*** Entries provided Section Begins ***

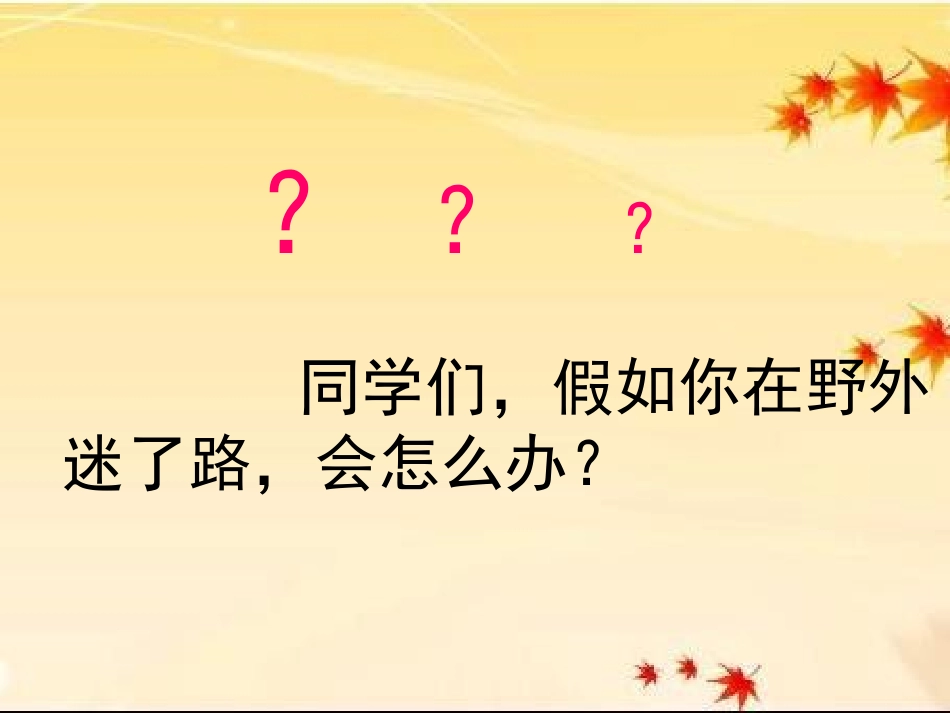 《小鸭,你别急》PPT课件[湘教版一年级语文下册]_第3页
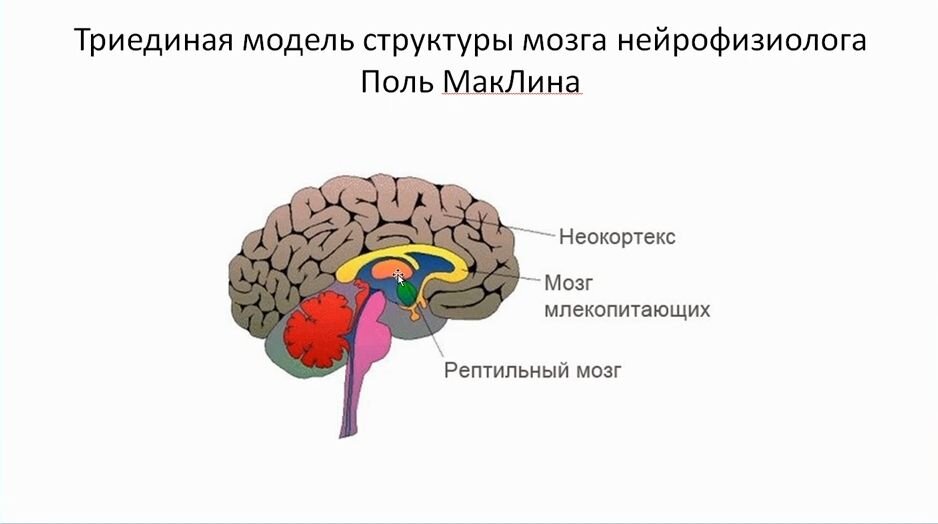 Paul brain. Модель Триединого мозга пола Маклина. Триединый мозг пол Маклин. Теория Триединого мозга. Теория Маклина о триедином мозге.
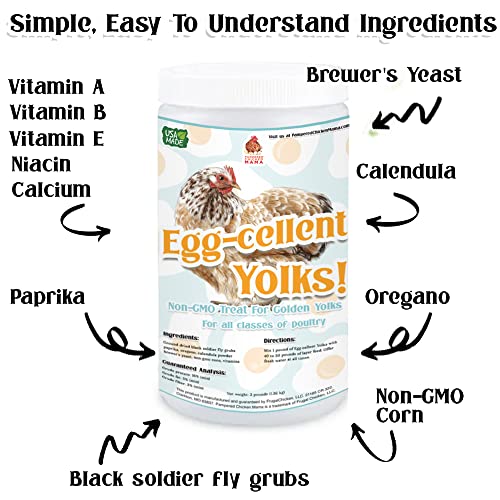 Organic Chicken and Duck Feed Supplement (5 pounds)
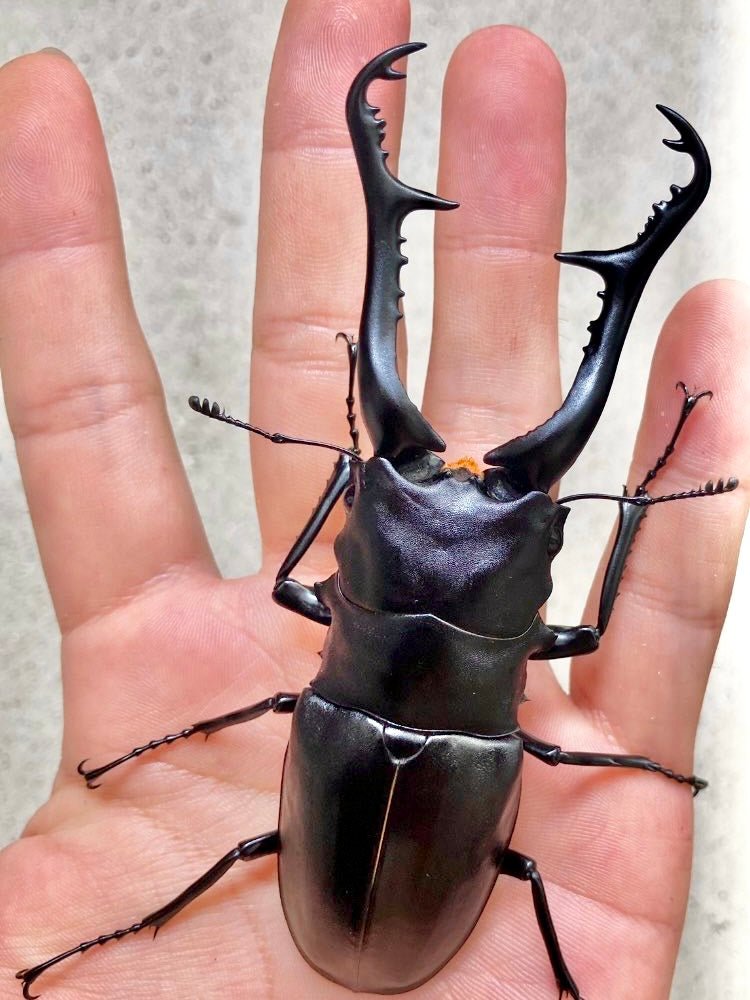 Larvae - Giraffe Stag Beetle, (Prosopocoilus giraffa) - Richard’s Inverts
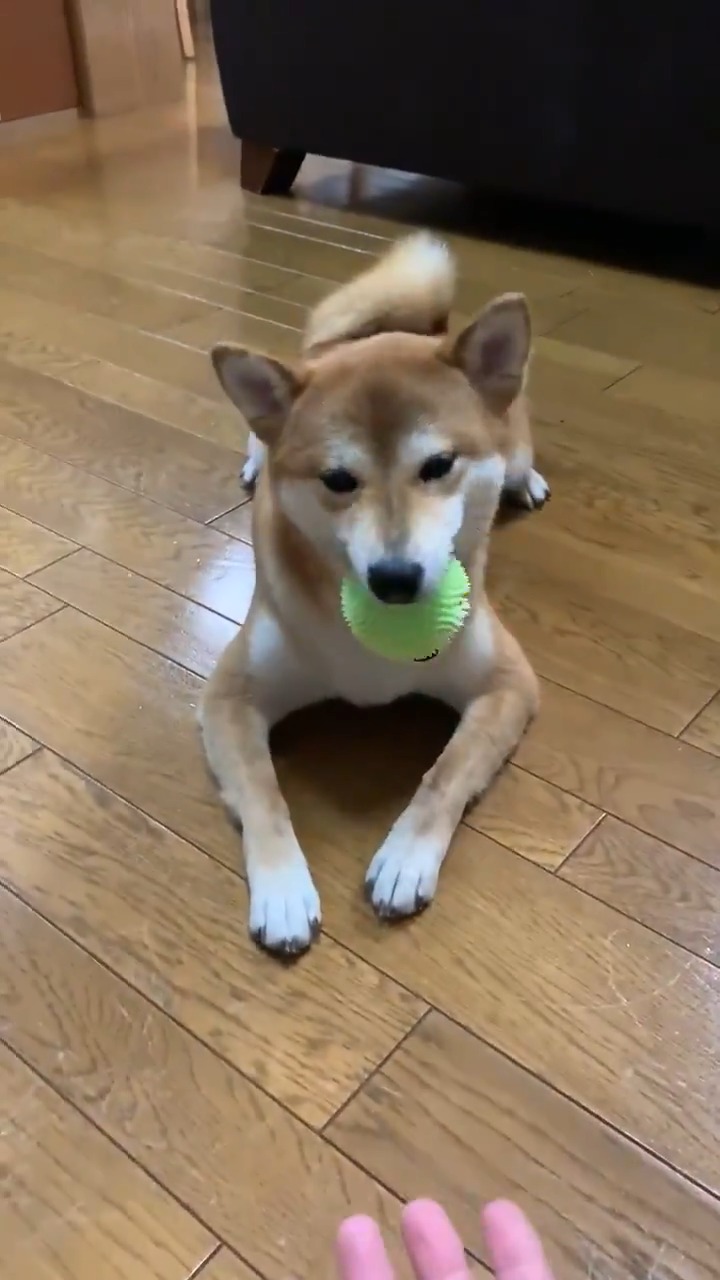ボールをくわえる柴犬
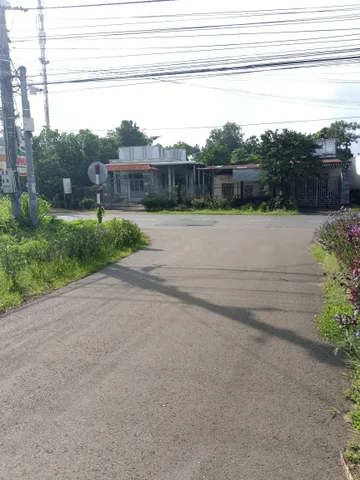 Mặt tiền đường nhựa dài, phủ hồng toàn bộ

*** Entries provided Section Ends ***

Without the pictures, repeat every line of the material above exactly.

 《小鸭,你别急》PPT课件[湘教版一年级语文下册]_第3页
 Paul brain. Модель Триединого мозга пола Маклина. Триединый мозг пол Маклин. Теория Триединого мозга. Теория Маклина о триедином мозге.
 Organic Chicken and Duck Feed Supplement (5 pounds)
 Larvae - Giraffe Stag Beetle, (Prosopocoilus giraffa) - Richard’s Inverts
ボールをくわえる柴犬
 Mặt tiền đường nhựa dài, phủ hồng toàn bộ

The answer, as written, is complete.